[Opening DATA EXTRACT section]

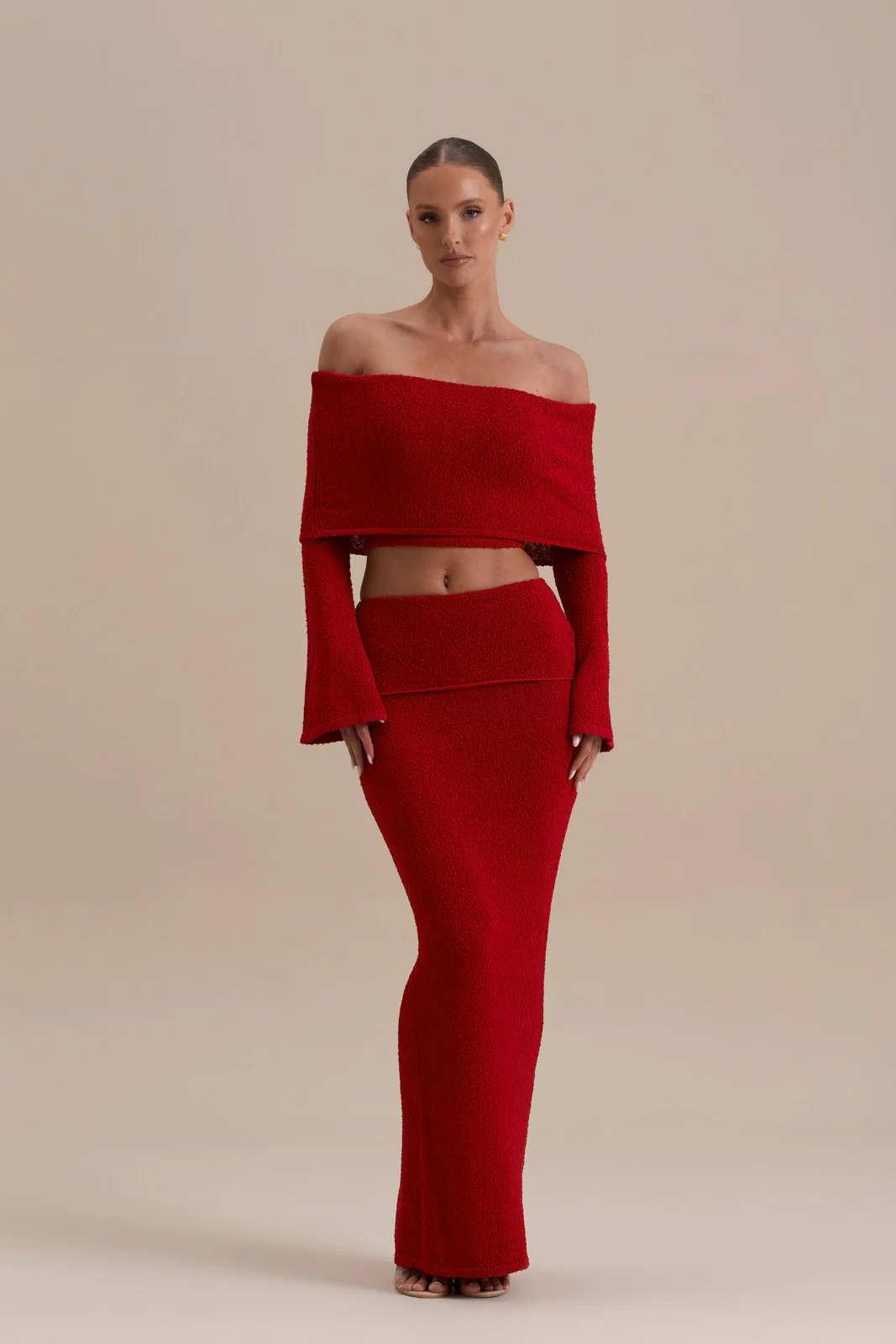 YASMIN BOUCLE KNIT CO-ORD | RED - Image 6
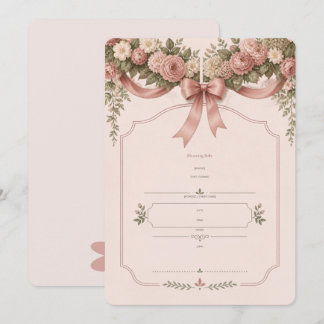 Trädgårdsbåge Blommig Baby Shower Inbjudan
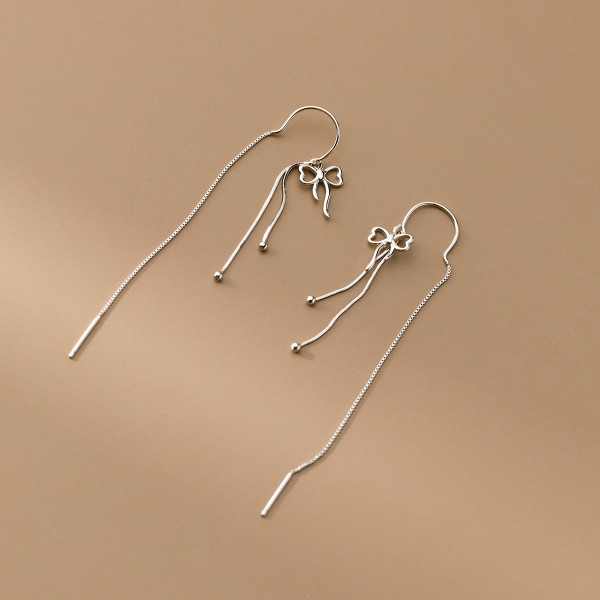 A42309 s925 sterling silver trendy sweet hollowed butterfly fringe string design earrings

[Closing DATA EXTRACT section]

= THE PROBLEM =
The expected answer is the full listing above, transcribed exactly and without pictures.

= RESPONSE BELOW =
 YASMIN BOUCLE KNIT CO-ORD | RED - Image 6
 Trädgårdsbåge Blommig Baby Shower Inbjudan
 A42309 s925 sterling silver trendy sweet hollowed butterfly fringe string design earrings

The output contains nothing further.